----- Supplied data
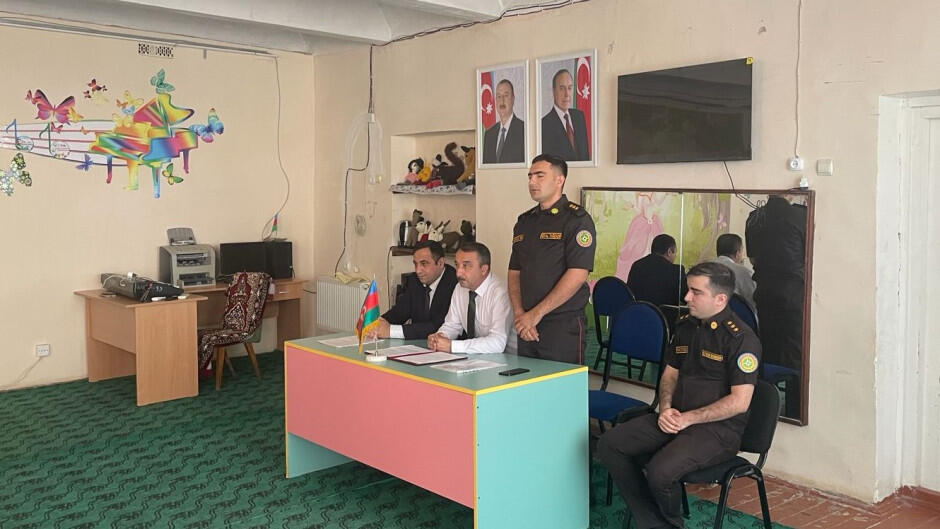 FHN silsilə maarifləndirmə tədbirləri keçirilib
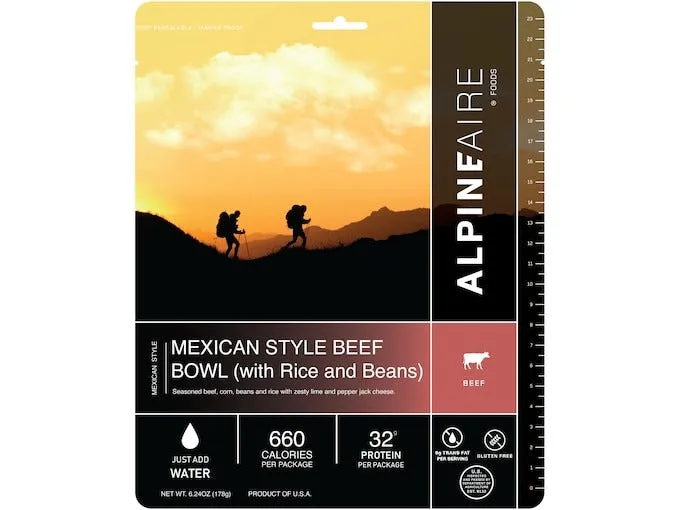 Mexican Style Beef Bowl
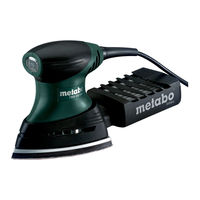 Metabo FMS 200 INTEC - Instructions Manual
----------
----- Supplied data
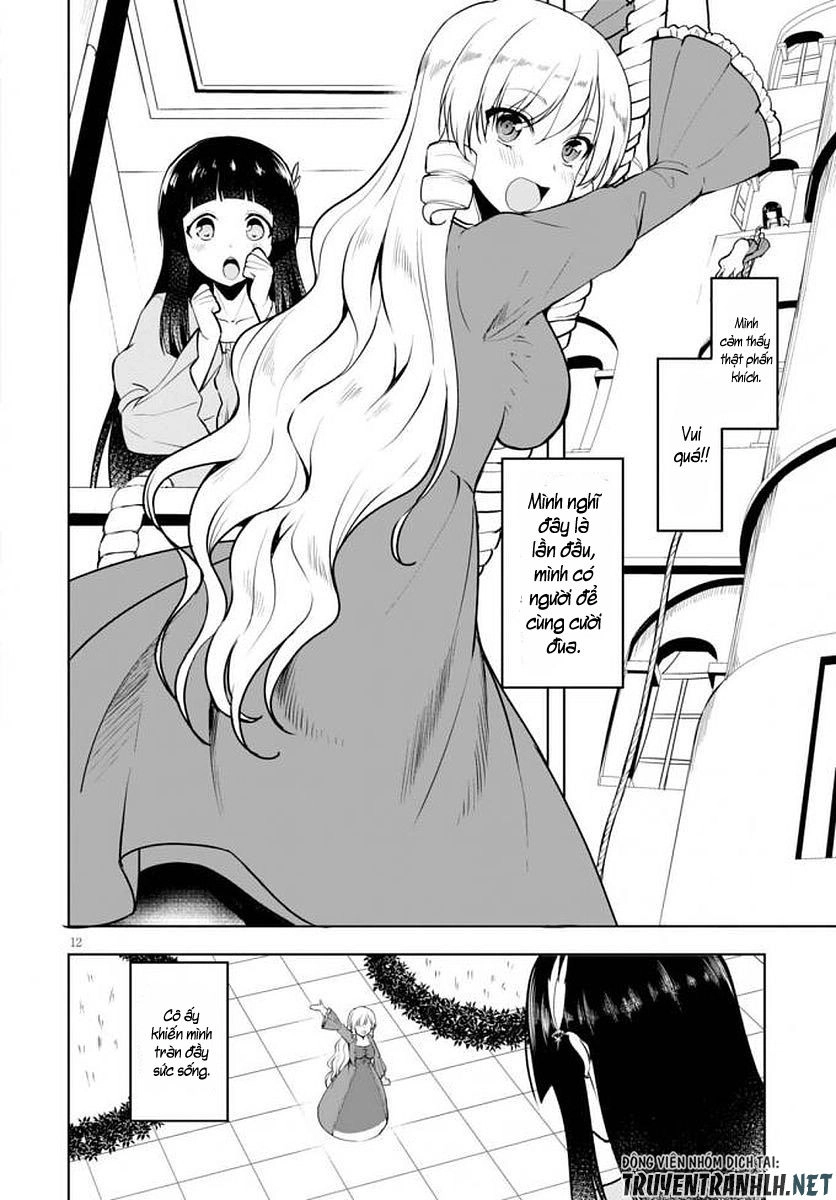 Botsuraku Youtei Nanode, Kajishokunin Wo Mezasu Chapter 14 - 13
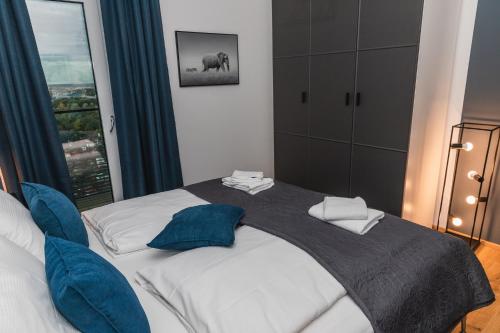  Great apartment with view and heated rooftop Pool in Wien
----------
In the listing above, find the line containing "FHN silsilə maarifləndirmə" and the line containing "Metabo FMS 200 INTEC - Instructions Manual", then return both of them and every line between, exactly, without pictures.

 FHN silsilə maarifləndirmə tədbirləri keçirilib
 Mexican Style Beef Bowl
 Metabo FMS 200 INTEC - Instructions Manual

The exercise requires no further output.